The Verdict: Good for large swaths of high-interest debt, especially if you DIY it. If you go through a debt consolidation company, you might want to tread lightly.
Refinance your debt.
If you've ever heard about a couple refinancing their home or doing similar, this is what they're doing. Refinancing debt is a good way to reduce the pressure of debt that has collateral and high payments.
This method of debt reduction works by getting a loan to pay off the remainder of the original loan. With the original loan paid off, you don't have to worry about collateral. The payments tend to be smaller but spred through a longer period of time.
Technically, this will get you in more debt before you get out of debt. However, the freed up money from payment savings can be used to pay off other debts that couldn't be refinanced.
The Verdict: Good for student loans and home debt.
Short sell items that put you into debt.
During the housing bubble of 2008, a lot of people decided to buy homes they couldn't afford. Some lucky folks realized that they wouldn't be able to keep up the home payments they signed up for and decided to do something about it.
One of the easier ways to remove debt, if you're bogged down by installment payments on property you own, is to short sell the item that is causing you grief.
When you short sell something, you're selling it at the remainder of the money you owe or slightly less—which basically means you're having someone else take over your debt for you. It's a win-win. You get away from debt and someone else gets cheap goods.
The Verdict: Good for getting rid of home debt you can't really afford to pay.
If you're in dire straits, consider debt negotiation.
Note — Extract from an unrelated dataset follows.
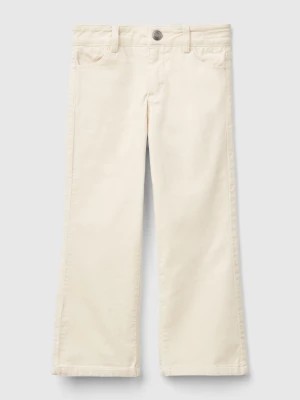 Zdjęcie produktu Benetton, Flare Fit Velvet Trousers, size 116, Creamy White, Kids United Colors of Benetton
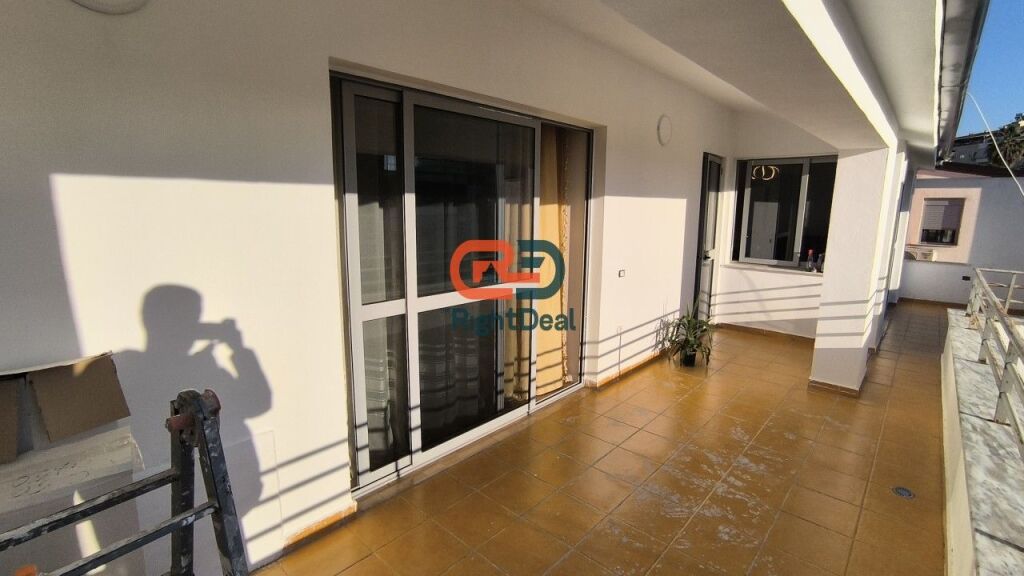 Ne Fresk, Shitet Apartament 2+1 Me Verande Me Pamje Te Lire !!!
So far, all the ways to get out of debt we've covered will not have a negative impact on your credit score. However, there's a certain point where trying to pay your debts the normal way just won't happen regardless of how hard you try.
If you can barely make minimum payments, or if it's getting to the point where you have to decide between paying bills on time and paying rent, you're going to have to accept a loss on your FICO score.
Debt negotiation is rough, but it's doable—as long as you're dealing with unsecured debt such as credit card debt or a personal loan with no collateral. If the debt that's killing you has collateral, the banks will repossess the collateral if you try this route.
Here's how to negotiate debt like a pro:
- Stop paying the credit card bills. Yes, it will cause your credit score to suffer majorly. Save the money that would have gone towards minimum payments and put them aside.
- After four to six months, call the credit card companies or collection agencies. Tell them that there's no way you can pay the debt, and that you want to negotiate a write-off of remaining in exchange for a lump sum of money. Offer money that you saved up from payments in a lump sum.
- If they refuse to write off the rest of the debt, wait and ask again. Eventually, the collection agencies will accept the offer since they'd rather have some money than none at all.
The Verdict: Good as a next to last resort.
Sometimes, you just can't get rid of debt no matter how hard you try. For example, if you have $500,000 of debt, and you're only earning $18,000 a year, it's not going to be possible for you to eliminate that through normal means. You might not even be able to barter away debt.
If all the other ways to get rid of debt have failed, and it's just not getting any better, you need to declare bankruptcy. Bankruptcy is a legal means to get debt collectors off your back, get debt discharged, and just start fresh.
Not all forms of debt can be handled this way and you will have to have the declaration approved by a court. However, if student loan debt isn't your issue, this is a good way to get away from debt when all else fails.
The Verdict: If you can't find any other way to solve your debt problems, then you will need to declare bankruptcy. It's the "Worst Case Scenario" solution to everything but student loan debt.